I'm not a carpenter or anything, so I'm asking this out of ignorance, but why go with a single diagonal brace in the back 3 segments instead of an X brace of some type?

Also, do you have any pics of the finished product?


----------



## Mcdaphnia (Dec 16, 2003)

gaqua said:


> Looks pretty sturdy.
> 
> I'm not a carpenter or anything, so I'm asking this out of ignorance, but why go with a single diagonal brace in the back 3 segments instead of an X brace of some type?
> 
> Also, do you have any pics of the finished product?


 You see the X- brace on metal shelving. It is used there because the metal strap only works in one direction, when it resists a pulling force, so you need two in opposing directions. Wood is more rigid so it will work in both directions. A single diagonal wood brace will work if well secured.

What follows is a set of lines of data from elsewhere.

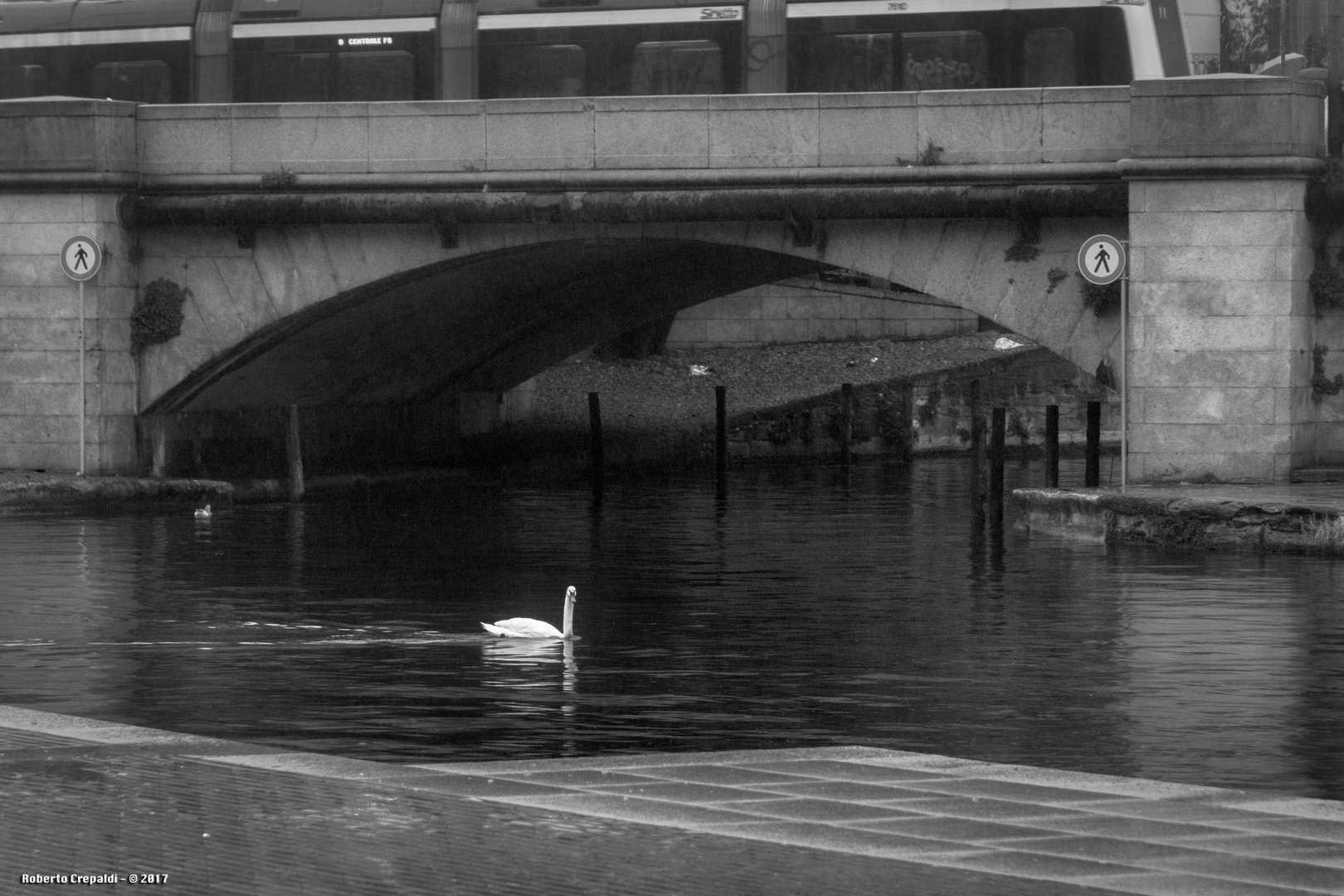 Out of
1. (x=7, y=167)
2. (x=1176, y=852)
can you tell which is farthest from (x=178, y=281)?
(x=1176, y=852)

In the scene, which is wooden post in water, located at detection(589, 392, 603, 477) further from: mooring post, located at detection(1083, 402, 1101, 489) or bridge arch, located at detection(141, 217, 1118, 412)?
mooring post, located at detection(1083, 402, 1101, 489)

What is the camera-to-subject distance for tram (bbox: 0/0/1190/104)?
22219 millimetres

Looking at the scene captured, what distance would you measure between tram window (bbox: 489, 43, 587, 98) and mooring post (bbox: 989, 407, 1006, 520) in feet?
18.8

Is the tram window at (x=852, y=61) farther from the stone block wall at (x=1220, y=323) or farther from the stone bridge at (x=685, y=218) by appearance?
the stone block wall at (x=1220, y=323)

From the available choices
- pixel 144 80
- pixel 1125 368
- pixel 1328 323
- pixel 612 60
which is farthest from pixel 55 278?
pixel 1328 323

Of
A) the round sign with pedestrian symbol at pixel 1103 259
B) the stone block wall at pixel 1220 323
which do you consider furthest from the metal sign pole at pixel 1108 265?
the stone block wall at pixel 1220 323

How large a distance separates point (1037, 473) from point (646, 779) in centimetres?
2505

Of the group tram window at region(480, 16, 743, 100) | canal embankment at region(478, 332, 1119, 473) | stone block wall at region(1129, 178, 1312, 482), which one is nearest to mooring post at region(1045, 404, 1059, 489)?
stone block wall at region(1129, 178, 1312, 482)

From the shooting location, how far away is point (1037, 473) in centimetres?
3128

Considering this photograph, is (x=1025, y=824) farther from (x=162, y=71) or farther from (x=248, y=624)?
(x=162, y=71)

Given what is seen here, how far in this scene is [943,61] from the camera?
22.5 m

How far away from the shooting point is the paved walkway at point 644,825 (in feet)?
17.9

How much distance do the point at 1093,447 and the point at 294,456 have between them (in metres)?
9.41

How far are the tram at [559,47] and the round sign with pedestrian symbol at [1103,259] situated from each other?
182 inches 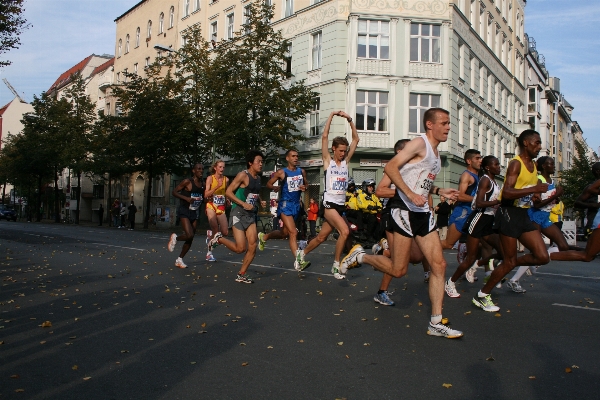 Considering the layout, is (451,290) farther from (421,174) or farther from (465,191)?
(421,174)

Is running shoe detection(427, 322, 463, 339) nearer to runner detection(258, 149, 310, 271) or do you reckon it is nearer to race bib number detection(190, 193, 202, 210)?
runner detection(258, 149, 310, 271)

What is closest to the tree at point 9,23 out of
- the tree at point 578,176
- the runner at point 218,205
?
the runner at point 218,205

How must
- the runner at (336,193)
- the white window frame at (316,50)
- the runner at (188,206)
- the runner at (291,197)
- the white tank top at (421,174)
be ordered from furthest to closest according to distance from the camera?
the white window frame at (316,50)
the runner at (188,206)
the runner at (291,197)
the runner at (336,193)
the white tank top at (421,174)

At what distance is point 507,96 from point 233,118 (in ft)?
87.7

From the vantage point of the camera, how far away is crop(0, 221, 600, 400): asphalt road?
157 inches

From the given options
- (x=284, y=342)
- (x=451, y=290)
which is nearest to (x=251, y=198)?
(x=451, y=290)

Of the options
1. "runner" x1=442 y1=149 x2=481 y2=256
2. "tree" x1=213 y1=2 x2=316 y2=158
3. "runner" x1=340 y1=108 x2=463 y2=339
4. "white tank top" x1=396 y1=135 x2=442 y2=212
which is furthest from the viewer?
"tree" x1=213 y1=2 x2=316 y2=158

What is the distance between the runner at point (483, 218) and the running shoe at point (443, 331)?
2.35 m

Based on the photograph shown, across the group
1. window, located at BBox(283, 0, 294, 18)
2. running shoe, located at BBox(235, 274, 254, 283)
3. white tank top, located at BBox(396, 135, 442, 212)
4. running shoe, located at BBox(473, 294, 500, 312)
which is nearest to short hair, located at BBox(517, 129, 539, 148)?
white tank top, located at BBox(396, 135, 442, 212)

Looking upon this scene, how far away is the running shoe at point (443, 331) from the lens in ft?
17.5

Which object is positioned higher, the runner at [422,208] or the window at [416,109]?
the window at [416,109]

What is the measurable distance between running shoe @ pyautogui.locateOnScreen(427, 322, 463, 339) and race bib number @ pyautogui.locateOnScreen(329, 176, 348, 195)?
3.81 m

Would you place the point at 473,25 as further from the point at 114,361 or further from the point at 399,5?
the point at 114,361

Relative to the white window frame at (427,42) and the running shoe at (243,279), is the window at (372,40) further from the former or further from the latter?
the running shoe at (243,279) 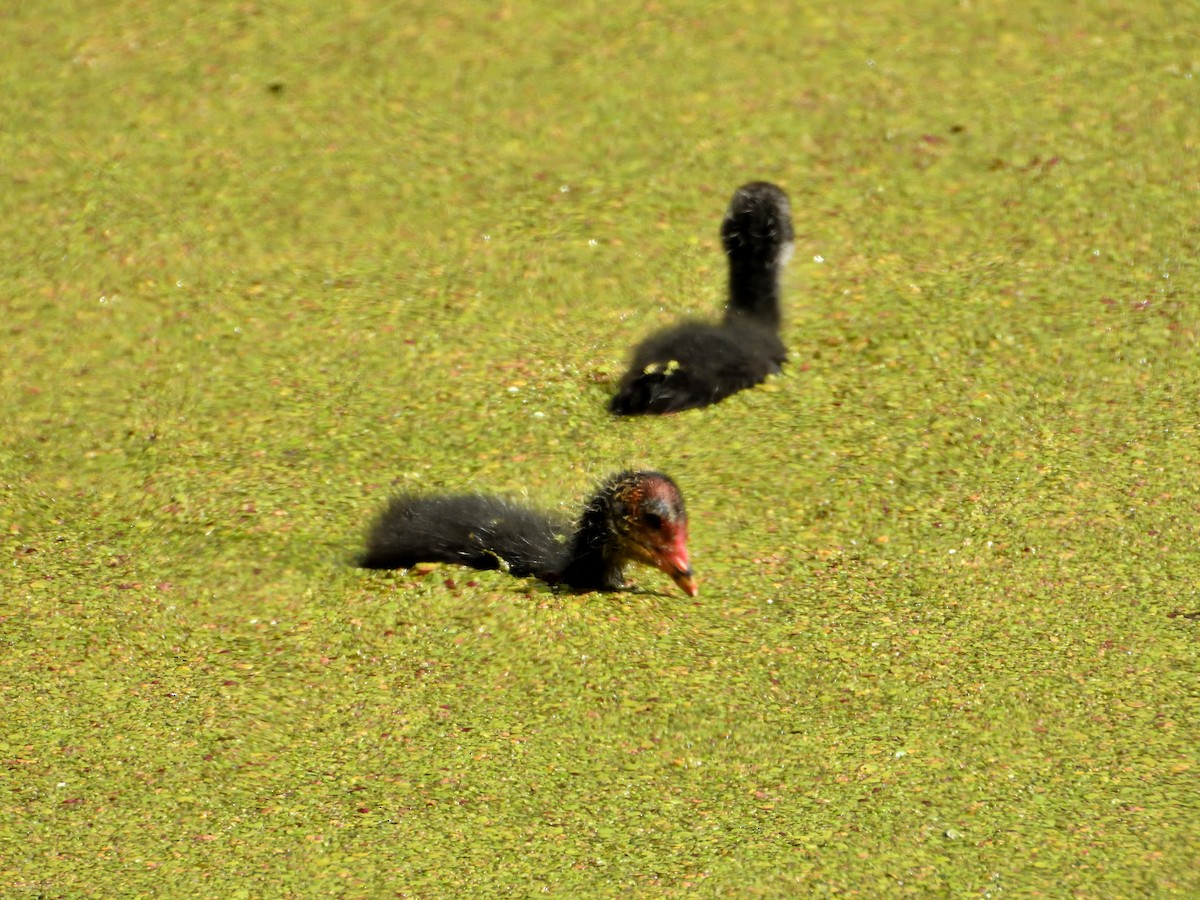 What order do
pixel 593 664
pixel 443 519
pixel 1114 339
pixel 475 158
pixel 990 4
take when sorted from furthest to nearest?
pixel 990 4, pixel 475 158, pixel 1114 339, pixel 443 519, pixel 593 664

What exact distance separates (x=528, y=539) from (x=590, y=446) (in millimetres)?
464

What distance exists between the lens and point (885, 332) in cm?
444

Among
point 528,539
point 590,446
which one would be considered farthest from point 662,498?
point 590,446

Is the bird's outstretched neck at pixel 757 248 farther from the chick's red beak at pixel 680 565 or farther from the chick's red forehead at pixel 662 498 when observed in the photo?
the chick's red beak at pixel 680 565

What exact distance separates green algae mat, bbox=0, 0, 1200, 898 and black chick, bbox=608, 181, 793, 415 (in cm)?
Result: 7

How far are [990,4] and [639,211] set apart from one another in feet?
5.45

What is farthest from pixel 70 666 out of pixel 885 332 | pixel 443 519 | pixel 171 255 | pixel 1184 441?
pixel 1184 441

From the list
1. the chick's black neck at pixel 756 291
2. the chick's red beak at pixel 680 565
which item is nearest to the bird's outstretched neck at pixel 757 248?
the chick's black neck at pixel 756 291

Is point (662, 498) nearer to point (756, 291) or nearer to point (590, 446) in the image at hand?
point (590, 446)

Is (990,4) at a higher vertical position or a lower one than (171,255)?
higher

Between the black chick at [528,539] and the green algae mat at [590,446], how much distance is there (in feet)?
0.18

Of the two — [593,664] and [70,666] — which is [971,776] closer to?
[593,664]

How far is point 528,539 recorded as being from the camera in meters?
3.71

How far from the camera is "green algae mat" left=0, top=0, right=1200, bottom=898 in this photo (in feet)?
9.98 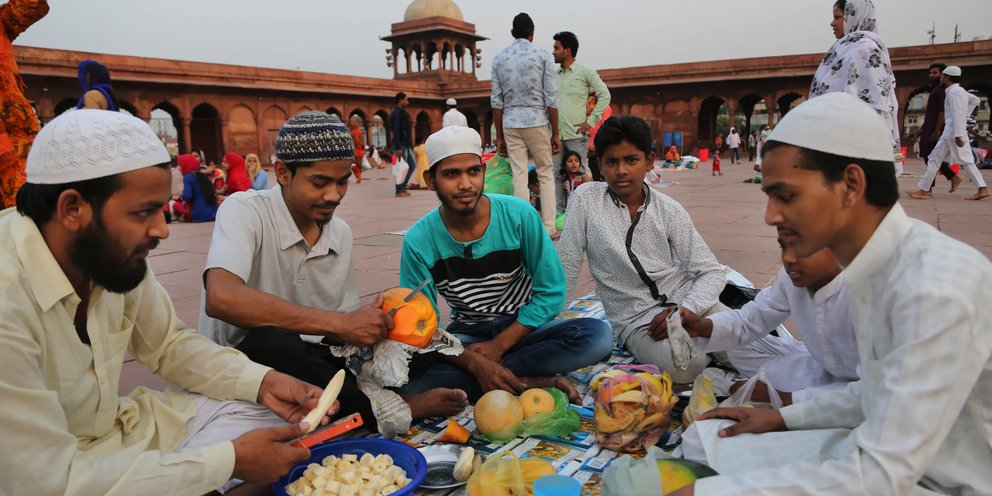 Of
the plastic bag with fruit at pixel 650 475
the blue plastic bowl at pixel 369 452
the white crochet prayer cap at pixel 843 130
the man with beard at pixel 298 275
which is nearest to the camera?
the white crochet prayer cap at pixel 843 130

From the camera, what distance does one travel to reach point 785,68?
23812 millimetres

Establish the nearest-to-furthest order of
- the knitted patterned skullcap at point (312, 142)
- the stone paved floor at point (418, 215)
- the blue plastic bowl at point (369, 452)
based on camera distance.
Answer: the blue plastic bowl at point (369, 452) < the knitted patterned skullcap at point (312, 142) < the stone paved floor at point (418, 215)

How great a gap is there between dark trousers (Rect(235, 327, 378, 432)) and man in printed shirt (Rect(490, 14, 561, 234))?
4102 mm

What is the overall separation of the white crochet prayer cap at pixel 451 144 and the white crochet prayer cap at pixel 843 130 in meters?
1.46

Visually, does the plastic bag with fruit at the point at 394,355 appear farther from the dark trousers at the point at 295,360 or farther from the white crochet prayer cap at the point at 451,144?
the white crochet prayer cap at the point at 451,144

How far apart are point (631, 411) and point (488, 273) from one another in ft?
3.10

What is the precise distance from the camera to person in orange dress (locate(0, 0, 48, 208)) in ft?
11.7

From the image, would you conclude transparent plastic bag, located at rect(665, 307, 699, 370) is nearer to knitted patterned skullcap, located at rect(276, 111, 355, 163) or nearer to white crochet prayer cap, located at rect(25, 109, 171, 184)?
knitted patterned skullcap, located at rect(276, 111, 355, 163)

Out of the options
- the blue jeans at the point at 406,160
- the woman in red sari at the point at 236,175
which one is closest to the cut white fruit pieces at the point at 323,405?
the woman in red sari at the point at 236,175

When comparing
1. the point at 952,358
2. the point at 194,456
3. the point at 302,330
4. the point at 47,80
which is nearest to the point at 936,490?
the point at 952,358

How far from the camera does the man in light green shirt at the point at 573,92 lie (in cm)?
700

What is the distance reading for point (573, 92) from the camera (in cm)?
706

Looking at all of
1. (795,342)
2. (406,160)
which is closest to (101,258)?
(795,342)

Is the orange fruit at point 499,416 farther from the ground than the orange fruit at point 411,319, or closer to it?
closer to it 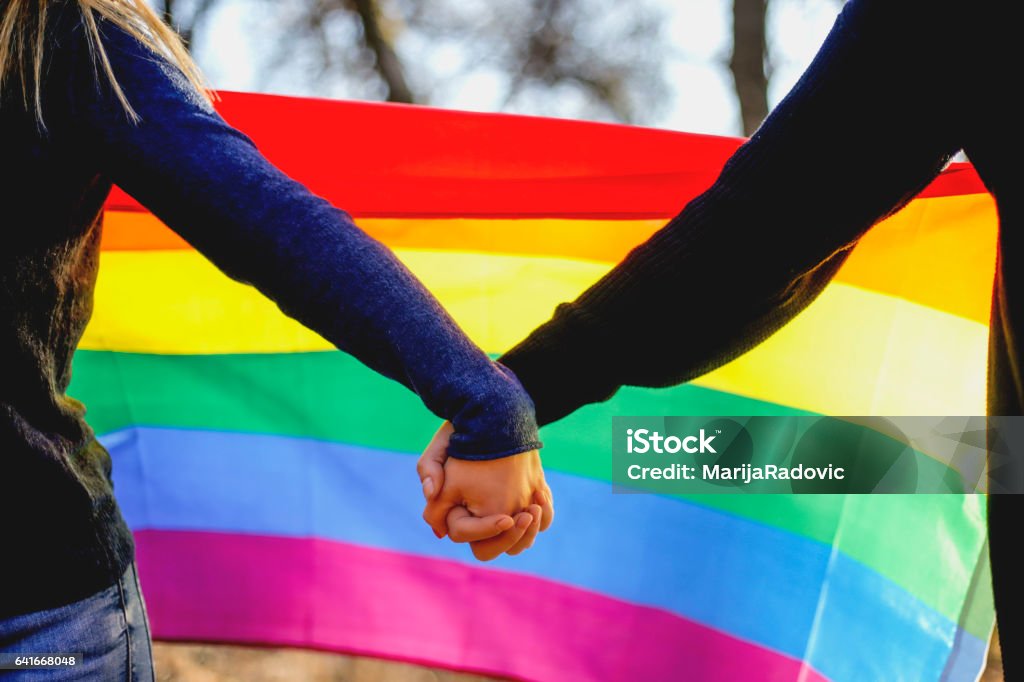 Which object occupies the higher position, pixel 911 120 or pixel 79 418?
pixel 911 120

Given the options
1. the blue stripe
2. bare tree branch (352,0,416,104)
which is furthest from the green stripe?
bare tree branch (352,0,416,104)

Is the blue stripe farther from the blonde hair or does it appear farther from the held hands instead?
the blonde hair

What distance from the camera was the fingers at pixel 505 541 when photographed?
1.14 meters

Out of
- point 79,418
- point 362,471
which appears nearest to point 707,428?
point 362,471

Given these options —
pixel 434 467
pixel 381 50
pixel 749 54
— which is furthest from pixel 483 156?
pixel 381 50

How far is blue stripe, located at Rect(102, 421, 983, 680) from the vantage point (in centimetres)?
188

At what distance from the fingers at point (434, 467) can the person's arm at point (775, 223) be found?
0.23 meters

The weak point of this stand is the 4 by 4's. 4 by 4's are not as strong as two 2 by 4's sandwiched together with a half inch plywood "filling". Over time 4 by 4's are much more prone to twist and bend than other lumber dimensions. Also they are hard to find in untreated form. The treated 4 by 4's cannot be safely used indoors because they release toxins that affect both animals and plants. There are paints and fiberglass coatings that will largely seal in those toxins, but eventually that protective film will break down and be breached. The short "floor joists" at the bottom contribute nothing to the stand design. They could be omitted with no loss of strength or anything. The ones at the top would be needed if the tank is plywood or acrylic. Those tanks should have solid bottom support. The top "floor joists" could be left out if the tank is glass with a floating bottom which only needs perimeter support, but leaving them in would give the option of replacing the tank with plywood or acrylic if the need ever arose.


----------



## iceblue (Apr 27, 2004)

Mcdaphnia wrote:


> The weak point of this stand is the 4 by 4's. 4 by 4's are not as strong as two 2 by 4's sandwiched together


Agreed, but I did spend a lot of time going through a stack of untreated 4 x 4's looking for 8' pieces with low moisture content, no checks or cracks and little or no bend. I had an almost full stack laid out on the floor at the Depot and the lumber guy kept walking by shaking his head. After I picked out the 4 pieces I was happy with I started re-stacking the cull. He came over and helped and said he appreciated me putting everything back in place. A lot of yo-yo's just leave it.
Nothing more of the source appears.